Performed in our Powderhorn home in Minneapolis in September 2007
Voted Outstanding Performance of 2008 by Minnesota Sage Dance Awards and City Pages Artists of the Year!
Based on the film of the same name and Walker Art Center Momentum commissioned performance in 2006 which was the winner of the People’s Choice Award at the Minnesota Sage Dance Awards. This new version incorporates a sound installation by Time Glenn and the scientific lectures of Bryce Beverlin II. Featuring award winning performers Morgan Thorson, Kristin Van Loon, Karen Sherman, Otto Ramstad, Bryce Beverlin, Tim Glenn and Olive Bieringa. This project was supported by Forecast Public ArtWorks, Bush Foundation and the Jerome Foundation.
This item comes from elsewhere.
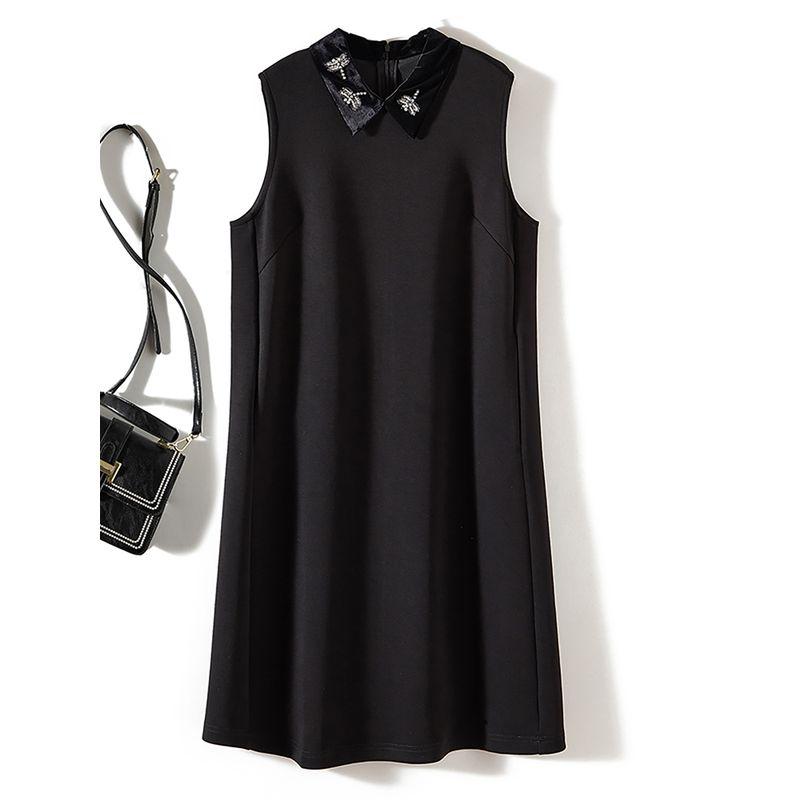 Classic Hepburn Black Dress! Female Lapel Rhinestone Portable Air Cotton Sleeveless Dress Fall and Winter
On holiday the normal sequence of time unravels. Regular activities, chores and spatial awareness of ordinary places are deconstructed or completely altered. In this space of relaxing (or trying to), perception bends. Reality shifts. Apply this condition to your house and home becomes a holiday house.
We choose to work in our house as a way to literally work at home, in Minneapolis and produce something in an everyday and private space. The house has its own agency in the work, constantly generating and framing the bodies of the performers and informing and transforming the sound score. A metaphysical blurring of past and present occurs within this old architecture. Video is used to geographically locate the piece, move us in time to other locations and provide live feed of hidden moments. Life sized video portraits become dance partners. Events loop and bodies duplicate creating perceptual shifts in time and action. We investigate how, as the VHS generation, video plays a key role in creating our memories, recording our histories and building intentional family.
“These performers could just as easily run rampant through your house, upending your best-laid plans, haunting your dreams…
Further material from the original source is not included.